Jimmy Smith of Kalamazoo says that for 45 years, he shopped at the Michigan News Agency once or twice a month.
He was a customer when Dean Hauck’s stepfather, Vincent "Pops" Malmstrom, owned the Michigan News before Dean took it over in 1988.
Over the years, Smith said, Dean became his friend. But he hasn’t been back to the bookstore since he bought four periodicals on February 7.
“I just said, ‘I'll see her next week.’ That was the last time I saw her.”
Dean died the next day at age 85. And the store that opened in 1947 has been shuttered ever since.

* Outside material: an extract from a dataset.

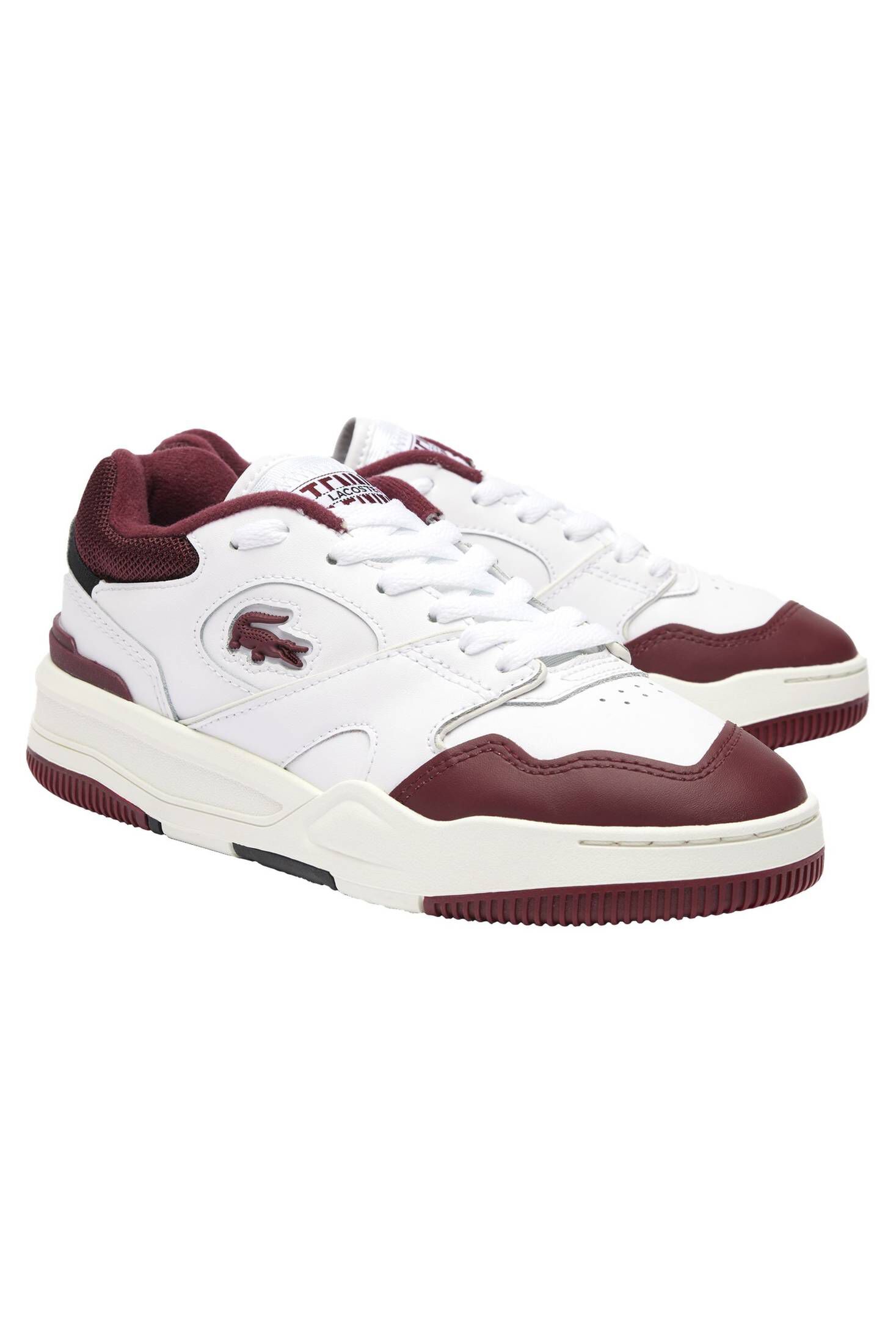 Lacoste| Damen Sneaker LINESHOT LEATHER HEEL POP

But the Michigan News Agency will be open again on Friday at 5 pm, during Art Hop. Dean's family invites the people of Kalamazoo to join them at the store for a memorial open house.

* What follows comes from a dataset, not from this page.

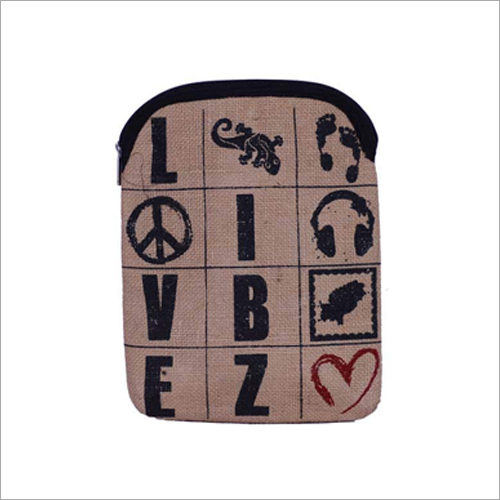 Tablet Jute Sling Bag Tablet Jute Sling Bag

“The store will be open for people to come in and spend time, take their own time to say goodbye to her and look around the place once more exactly as it was when she left it," said Margaret Hauck, one of Dean’s daughters, who added that the store won't be able to sell books and magazines during the memorial.
Smith said he plans to attend, but he wants to know what the sisters plan to do with the store.

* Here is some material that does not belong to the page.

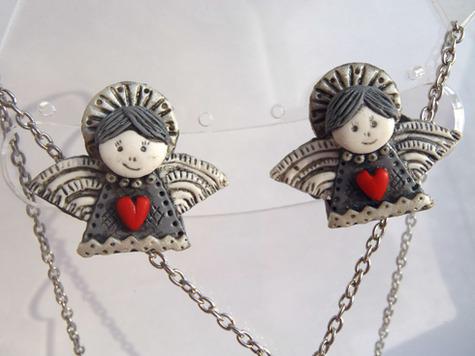 Украшение своими руками: «Ангелочки»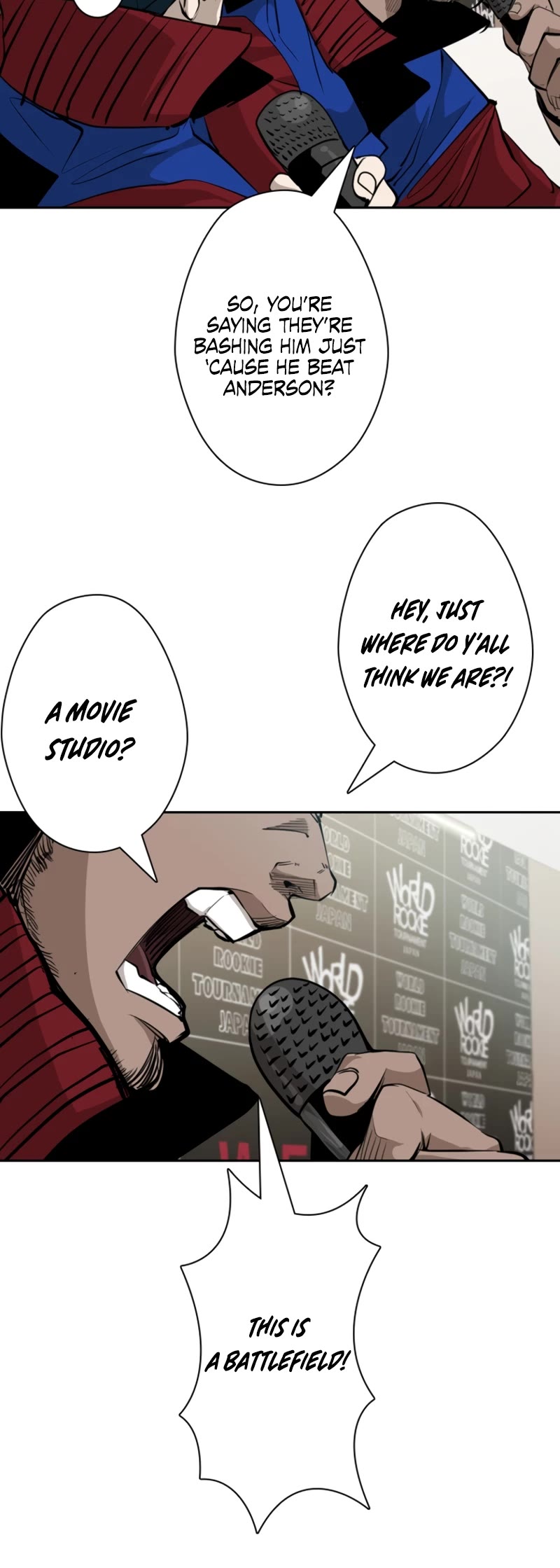 Shark chapter 160 page 19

"We're all hoping that somebody, whoever that is, will invest in that institution," Smith said.
"It's a piece of the past, for folks that actually read journals and collect them and have a an appreciation for them."
Margaret Hauck, who lives in New Orleans, said the outpouring of support has uplifted the sisters, but neither of them lives here and they won't continue to run the newsstand.
Hauck said her mother never expected them to. Instead, Dean encouraged them to follow their own dreams. Still, she understands why people don't want the Michigan News to go.
“I will say this for people who wish the News would continue; Dean was the Michigan News," Hauck said.
"So, on some level when I think about it, I don't see it being what it was without her there.
"I don't see her being who she was without the News. So, anything that comes next is going to be at least a little bit different because it's not got its heart anymore.”
Hauck confirmed that the family is considering offers but said they haven't made any decisions yet.
"One of the unifying things with the people that we've talked to is the idea that we need to honor Dean's legacy and that we need to make that building, that corner, something important for the community."
Hauck said her mother was an advocate for the homeless and a community supporter who fought for decades to reduce speeding and turn Michigan Avenue into a two-way street. Dean was often seen helping people just trying to cross the busy street in front of her store.
She died in February knowing that Kalamazoo city planners are converting the city’s one-way streets into two-ways, though it saddens her daughter that she didn't live long enough to see that happen.
Hauck said her mother asked the city to put a crossing light at the corner of Michigan Avenue and Church Street to make the intersection safer for pedestrians.
“I would love to see that corner be the Dean Margaret Hauck Memorial Crosswalk with a light at that corner, actually. Because I know she's always wanted a light there.”
The memorial open house for Dean Hauck begins at 5 pm on Friday at the Michigan News Agency at 308 Michigan Avenue in Kalamazoo. It will run until 8:30 pm. At sunset, family and friends will release bubbles in Dean's honor.